EXERCISE DIRECTIONS
Could each entry be returned exactly as it appears?

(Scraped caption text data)
+ + + + + + +

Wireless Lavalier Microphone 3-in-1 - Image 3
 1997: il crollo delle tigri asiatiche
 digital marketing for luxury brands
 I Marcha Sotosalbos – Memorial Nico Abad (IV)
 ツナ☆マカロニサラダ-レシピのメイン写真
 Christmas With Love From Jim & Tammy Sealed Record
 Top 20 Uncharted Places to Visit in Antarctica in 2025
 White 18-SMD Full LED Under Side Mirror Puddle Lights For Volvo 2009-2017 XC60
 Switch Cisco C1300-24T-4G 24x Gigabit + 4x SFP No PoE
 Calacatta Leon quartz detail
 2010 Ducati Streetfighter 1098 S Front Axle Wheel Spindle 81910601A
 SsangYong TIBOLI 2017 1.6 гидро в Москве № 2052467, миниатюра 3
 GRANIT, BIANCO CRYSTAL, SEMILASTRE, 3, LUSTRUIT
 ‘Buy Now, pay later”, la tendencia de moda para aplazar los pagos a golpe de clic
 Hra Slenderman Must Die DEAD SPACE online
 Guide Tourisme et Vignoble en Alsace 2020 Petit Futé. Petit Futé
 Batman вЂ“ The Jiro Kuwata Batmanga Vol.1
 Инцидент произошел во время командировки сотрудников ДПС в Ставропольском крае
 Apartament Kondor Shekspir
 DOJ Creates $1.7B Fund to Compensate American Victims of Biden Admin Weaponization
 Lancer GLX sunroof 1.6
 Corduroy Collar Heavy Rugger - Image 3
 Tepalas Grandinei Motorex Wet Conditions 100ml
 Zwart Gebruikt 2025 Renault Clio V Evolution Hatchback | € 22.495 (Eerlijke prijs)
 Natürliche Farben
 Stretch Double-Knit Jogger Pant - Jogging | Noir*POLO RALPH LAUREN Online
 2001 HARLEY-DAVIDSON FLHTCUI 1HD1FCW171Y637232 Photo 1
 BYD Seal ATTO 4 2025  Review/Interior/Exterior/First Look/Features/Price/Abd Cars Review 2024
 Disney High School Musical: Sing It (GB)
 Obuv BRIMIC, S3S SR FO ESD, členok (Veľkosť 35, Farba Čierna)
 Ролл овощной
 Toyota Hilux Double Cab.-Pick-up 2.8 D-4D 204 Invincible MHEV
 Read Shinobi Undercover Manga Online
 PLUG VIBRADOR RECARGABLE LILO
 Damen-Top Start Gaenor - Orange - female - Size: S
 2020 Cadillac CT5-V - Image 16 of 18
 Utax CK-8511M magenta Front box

+ + + + + + +

OUTPUT BELOW
Wireless Lavalier Microphone 3-in-1 - Image 3
 1997: il crollo delle tigri asiatiche
 digital marketing for luxury brands
 I Marcha Sotosalbos – Memorial Nico Abad (IV)
 ツナ☆マカロニサラダ-レシピのメイン写真
 Christmas With Love From Jim & Tammy Sealed Record
 Top 20 Uncharted Places to Visit in Antarctica in 2025
 White 18-SMD Full LED Under Side Mirror Puddle Lights For Volvo 2009-2017 XC60
 Switch Cisco C1300-24T-4G 24x Gigabit + 4x SFP No PoE
 Calacatta Leon quartz detail
 2010 Ducati Streetfighter 1098 S Front Axle Wheel Spindle 81910601A
 SsangYong TIBOLI 2017 1.6 гидро в Москве № 2052467, миниатюра 3
 GRANIT, BIANCO CRYSTAL, SEMILASTRE, 3, LUSTRUIT
 ‘Buy Now, pay later”, la tendencia de moda para aplazar los pagos a golpe de clic
 Hra Slenderman Must Die DEAD SPACE online
 Guide Tourisme et Vignoble en Alsace 2020 Petit Futé. Petit Futé
 Batman вЂ“ The Jiro Kuwata Batmanga Vol.1
 Инцидент произошел во время командировки сотрудников ДПС в Ставропольском крае
 Apartament Kondor Shekspir
 DOJ Creates $1.7B Fund to Compensate American Victims of Biden Admin Weaponization
 Lancer GLX sunroof 1.6
 Corduroy Collar Heavy Rugger - Image 3
 Tepalas Grandinei Motorex Wet Conditions 100ml
 Zwart Gebruikt 2025 Renault Clio V Evolution Hatchback | € 22.495 (Eerlijke prijs)
 Natürliche Farben
 Stretch Double-Knit Jogger Pant - Jogging | Noir*POLO RALPH LAUREN Online
 2001 HARLEY-DAVIDSON FLHTCUI 1HD1FCW171Y637232 Photo 1
 BYD Seal ATTO 4 2025  Review/Interior/Exterior/First Look/Features/Price/Abd Cars Review 2024
 Disney High School Musical: Sing It (GB)
 Obuv BRIMIC, S3S SR FO ESD, členok (Veľkosť 35, Farba Čierna)
 Ролл овощной
 Toyota Hilux Double Cab.-Pick-up 2.8 D-4D 204 Invincible MHEV
 Read Shinobi Undercover Manga Online
 PLUG VIBRADOR RECARGABLE LILO
 Damen-Top Start Gaenor - Orange - female - Size: S
 2020 Cadillac CT5-V - Image 16 of 18
 Utax CK-8511M magenta Front box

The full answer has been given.